Town council has denied a zoning bylaw amendment application for a recycling facility on Main Street in the village Erin.

The amendment would have allowed a recycling drop-off and distribution facility on a property at the intersection of Wellington Road 124 and Main Street that is currently zoned “highway commercial.”

The application, submitted by Suncor Energy Products Partnership, which planned to rent the building to Sanderson Recycling, was first brought to council at a public meeting on July 13. During that meeting three residents opposed the amendment, citing concerns with the possibility of odour, excessive noise and increases to “less desirable” development in the area.

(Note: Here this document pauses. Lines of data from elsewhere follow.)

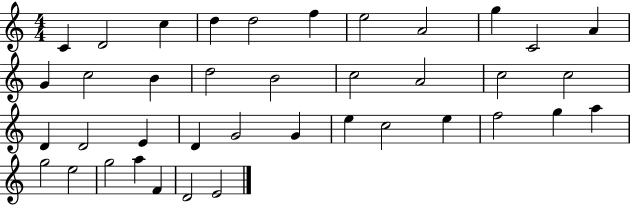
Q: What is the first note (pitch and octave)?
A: C4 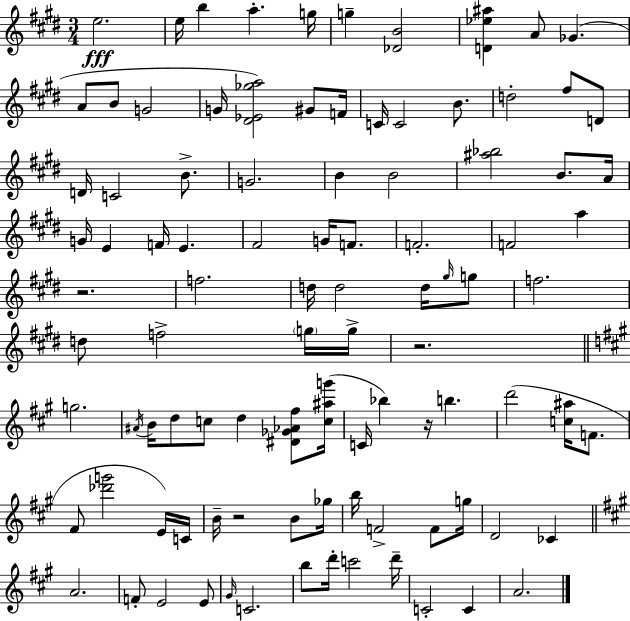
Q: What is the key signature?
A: E major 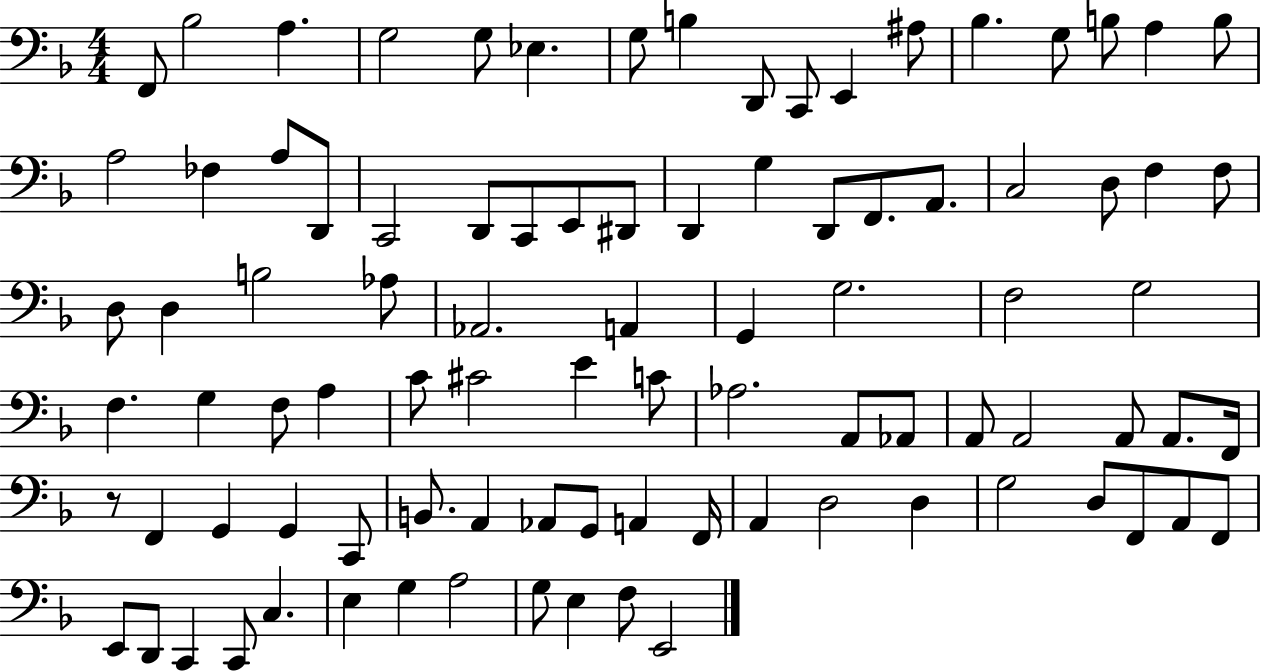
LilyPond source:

{
  \clef bass
  \numericTimeSignature
  \time 4/4
  \key f \major
  f,8 bes2 a4. | g2 g8 ees4. | g8 b4 d,8 c,8 e,4 ais8 | bes4. g8 b8 a4 b8 | \break a2 fes4 a8 d,8 | c,2 d,8 c,8 e,8 dis,8 | d,4 g4 d,8 f,8. a,8. | c2 d8 f4 f8 | \break d8 d4 b2 aes8 | aes,2. a,4 | g,4 g2. | f2 g2 | \break f4. g4 f8 a4 | c'8 cis'2 e'4 c'8 | aes2. a,8 aes,8 | a,8 a,2 a,8 a,8. f,16 | \break r8 f,4 g,4 g,4 c,8 | b,8. a,4 aes,8 g,8 a,4 f,16 | a,4 d2 d4 | g2 d8 f,8 a,8 f,8 | \break e,8 d,8 c,4 c,8 c4. | e4 g4 a2 | g8 e4 f8 e,2 | \bar "|."
} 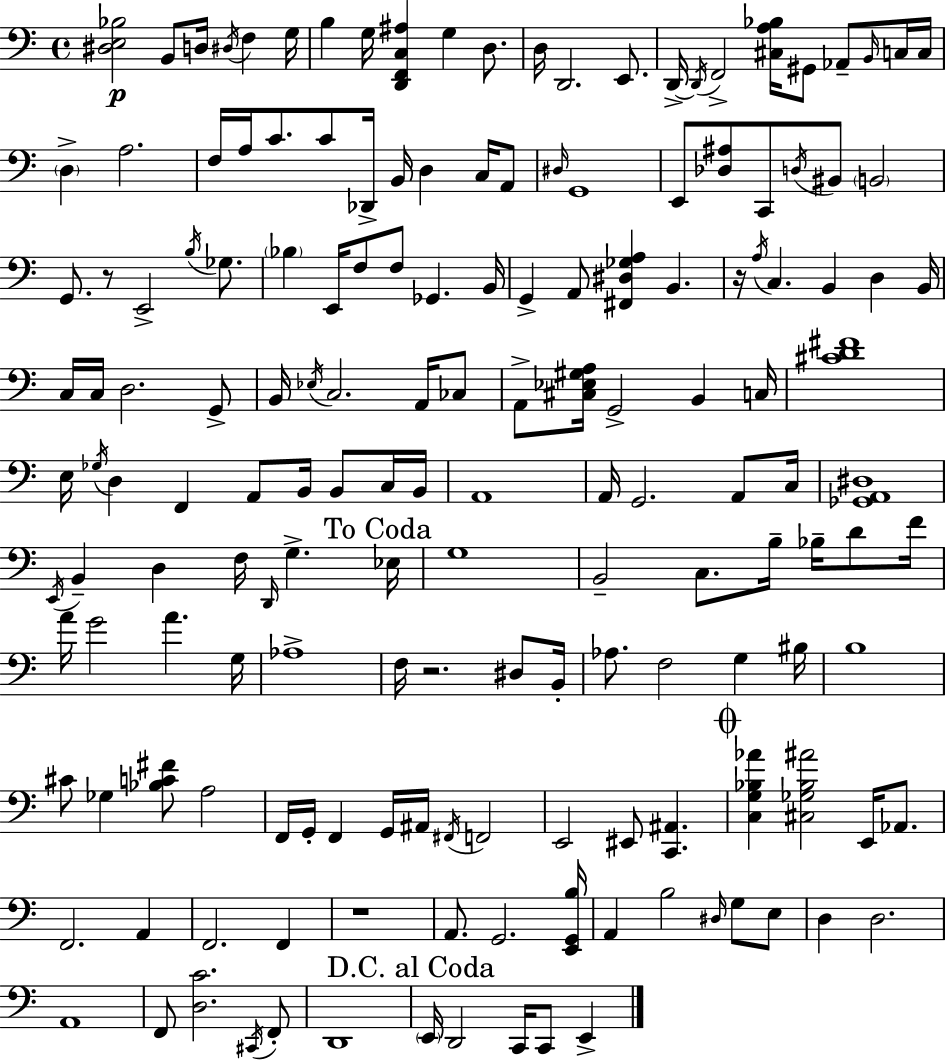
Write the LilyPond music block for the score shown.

{
  \clef bass
  \time 4/4
  \defaultTimeSignature
  \key c \major
  \repeat volta 2 { <dis e bes>2\p b,8 d16 \acciaccatura { dis16 } f4 | g16 b4 g16 <d, f, c ais>4 g4 d8. | d16 d,2. e,8. | d,16->~~ \acciaccatura { d,16 } f,2-> <cis a bes>16 gis,8 aes,8-- | \break \grace { b,16 } c16 c16 \parenthesize d4-> a2. | f16 a16 c'8. c'8 des,16-> b,16 d4 | c16 a,8 \grace { dis16 } g,1 | e,8 <des ais>8 c,8 \acciaccatura { d16 } bis,8 \parenthesize b,2 | \break g,8. r8 e,2-> | \acciaccatura { b16 } ges8. \parenthesize bes4 e,16 f8 f8 ges,4. | b,16 g,4-> a,8 <fis, dis ges a>4 | b,4. r16 \acciaccatura { a16 } c4. b,4 | \break d4 b,16 c16 c16 d2. | g,8-> b,16 \acciaccatura { ees16 } c2. | a,16 ces8 a,8-> <cis ees gis a>16 g,2-> | b,4 c16 <cis' d' fis'>1 | \break e16 \acciaccatura { ges16 } d4 f,4 | a,8 b,16 b,8 c16 b,16 a,1 | a,16 g,2. | a,8 c16 <ges, a, dis>1 | \break \acciaccatura { e,16 } b,4-- d4 | f16 \grace { d,16 } g4.-> \mark "To Coda" ees16 g1 | b,2-- | c8. b16-- bes16-- d'8 f'16 a'16 g'2 | \break a'4. g16 aes1-> | f16 r2. | dis8 b,16-. aes8. f2 | g4 bis16 b1 | \break cis'8 ges4 | <bes c' fis'>8 a2 f,16 g,16-. f,4 | g,16 ais,16 \acciaccatura { fis,16 } f,2 e,2 | eis,8 <c, ais,>4. \mark \markup { \musicglyph "scripts.coda" } <c g bes aes'>4 | \break <cis ges bes ais'>2 e,16 aes,8. f,2. | a,4 f,2. | f,4 r1 | a,8. g,2. | \break <e, g, b>16 a,4 | b2 \grace { dis16 } g8 e8 d4 | d2. a,1 | f,8 <d c'>2. | \break \acciaccatura { cis,16 } f,8-. d,1 | \mark "D.C. al Coda" \parenthesize e,16 d,2 | c,16 c,8 e,4-> } \bar "|."
}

At the Aug. 11 council meeting, Mayor Allan Alls shared a sculpture titled, “Open Mind” before opening the meeting.

“I think all of us, council, myself, the staff, you the public need to meditate on that particular sculpture because every slice of that head represents every slice of issue that this council had to look at,” he said.

“I recently received some emails that bothered me very much. It accuses council of plotting and making accusations that we were in favour of something already that this council has not even received a formal report on, nor had made any decision on.”

Councillor Rob Smith declared pecuniary interest and was not involved in decision.

Aldo Salis, manager of development planning for Wellington County, explained in his report the new facility would re-purpose an existing building, would be convenient for the broader community, be limited to only recyclable dry goods and materials, and traffic concerns would be resolved with entrance improvements.

Salis supported the amendment because it “is consistent with the Provincial Policy Statement and conforms to the local Official Plan.”

However, council did not agree.

“I can’t see this as a suitable fit. I understand it’s a C2 designation, I understand you’re kind of on a highway there, but you’re also kind of in the downtown,” said councillor John Brennan.

Councillor Matt Sammut agreed saying, “We want businesses, we don’t want to turn businesses away.”

“We are trying to turn our town more into a tourist destination, the first view as you drive in from Guelph and even if you’re coming from the GTA as you’re turning the corner, you would see something that is probably not conducive to a tourism town.”

Council unanimously agreed to deny the application.